Exercise prompt:
Print the data that follows exactly as it stands, from its first line through the line containing "Used Renault Clio", and stop there.

Data to use:
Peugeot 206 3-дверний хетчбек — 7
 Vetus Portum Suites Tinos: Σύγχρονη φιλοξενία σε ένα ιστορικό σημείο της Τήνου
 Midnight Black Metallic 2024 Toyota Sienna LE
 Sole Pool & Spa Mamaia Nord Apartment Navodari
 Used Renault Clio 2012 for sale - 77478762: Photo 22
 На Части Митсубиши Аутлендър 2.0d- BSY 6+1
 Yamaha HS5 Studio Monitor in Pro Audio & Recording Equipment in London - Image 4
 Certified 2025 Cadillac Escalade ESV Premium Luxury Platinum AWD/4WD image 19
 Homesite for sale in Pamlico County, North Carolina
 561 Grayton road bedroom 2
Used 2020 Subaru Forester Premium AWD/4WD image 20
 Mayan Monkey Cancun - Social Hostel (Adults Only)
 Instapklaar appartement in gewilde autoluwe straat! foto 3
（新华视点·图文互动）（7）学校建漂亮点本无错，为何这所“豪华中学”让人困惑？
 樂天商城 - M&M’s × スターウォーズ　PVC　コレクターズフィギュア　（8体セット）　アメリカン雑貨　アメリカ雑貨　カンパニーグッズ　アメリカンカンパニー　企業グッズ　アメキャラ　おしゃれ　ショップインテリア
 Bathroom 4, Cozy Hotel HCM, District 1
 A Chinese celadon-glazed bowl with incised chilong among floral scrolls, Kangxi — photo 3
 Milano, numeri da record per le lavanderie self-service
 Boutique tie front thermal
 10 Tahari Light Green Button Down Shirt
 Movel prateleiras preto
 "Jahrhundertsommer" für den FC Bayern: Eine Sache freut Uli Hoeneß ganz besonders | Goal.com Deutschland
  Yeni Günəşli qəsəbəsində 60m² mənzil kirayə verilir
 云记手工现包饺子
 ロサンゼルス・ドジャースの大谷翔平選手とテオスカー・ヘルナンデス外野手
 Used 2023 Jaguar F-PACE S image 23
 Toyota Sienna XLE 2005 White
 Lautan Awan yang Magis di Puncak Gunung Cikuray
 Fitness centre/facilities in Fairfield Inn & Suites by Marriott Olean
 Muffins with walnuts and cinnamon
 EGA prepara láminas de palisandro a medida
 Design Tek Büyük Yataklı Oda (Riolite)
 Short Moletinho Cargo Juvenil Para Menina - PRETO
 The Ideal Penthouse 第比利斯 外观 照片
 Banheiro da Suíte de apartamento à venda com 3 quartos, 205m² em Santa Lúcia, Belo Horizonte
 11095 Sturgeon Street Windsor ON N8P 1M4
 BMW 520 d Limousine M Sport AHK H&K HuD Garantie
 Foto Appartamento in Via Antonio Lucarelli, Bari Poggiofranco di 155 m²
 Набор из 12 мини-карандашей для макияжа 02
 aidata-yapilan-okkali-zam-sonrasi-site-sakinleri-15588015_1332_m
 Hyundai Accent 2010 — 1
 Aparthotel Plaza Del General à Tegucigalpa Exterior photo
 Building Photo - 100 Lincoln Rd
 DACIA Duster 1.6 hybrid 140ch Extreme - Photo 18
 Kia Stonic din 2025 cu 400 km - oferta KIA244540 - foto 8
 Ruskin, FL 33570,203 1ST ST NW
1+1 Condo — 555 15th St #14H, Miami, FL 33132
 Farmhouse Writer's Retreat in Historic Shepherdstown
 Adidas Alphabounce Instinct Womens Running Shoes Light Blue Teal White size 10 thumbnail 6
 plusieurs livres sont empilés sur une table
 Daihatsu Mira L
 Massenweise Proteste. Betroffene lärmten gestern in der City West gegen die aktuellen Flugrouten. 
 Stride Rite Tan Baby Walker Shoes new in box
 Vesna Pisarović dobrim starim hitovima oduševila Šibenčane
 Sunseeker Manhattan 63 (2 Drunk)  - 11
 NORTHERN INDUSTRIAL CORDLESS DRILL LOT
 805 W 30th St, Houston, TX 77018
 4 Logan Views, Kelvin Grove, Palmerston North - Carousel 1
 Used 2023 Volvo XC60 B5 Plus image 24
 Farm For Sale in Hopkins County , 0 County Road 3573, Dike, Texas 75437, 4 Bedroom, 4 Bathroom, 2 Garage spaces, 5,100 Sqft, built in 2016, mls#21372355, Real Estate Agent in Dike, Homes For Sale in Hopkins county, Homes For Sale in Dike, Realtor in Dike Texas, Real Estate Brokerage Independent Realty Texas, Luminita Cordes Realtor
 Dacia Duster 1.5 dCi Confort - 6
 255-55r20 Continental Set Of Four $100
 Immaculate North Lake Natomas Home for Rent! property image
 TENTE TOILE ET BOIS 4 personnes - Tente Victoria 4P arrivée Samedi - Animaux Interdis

Written reply:
Peugeot 206 3-дверний хетчбек — 7
 Vetus Portum Suites Tinos: Σύγχρονη φιλοξενία σε ένα ιστορικό σημείο της Τήνου
 Midnight Black Metallic 2024 Toyota Sienna LE
 Sole Pool & Spa Mamaia Nord Apartment Navodari
 Used Renault Clio 2012 for sale - 77478762: Photo 22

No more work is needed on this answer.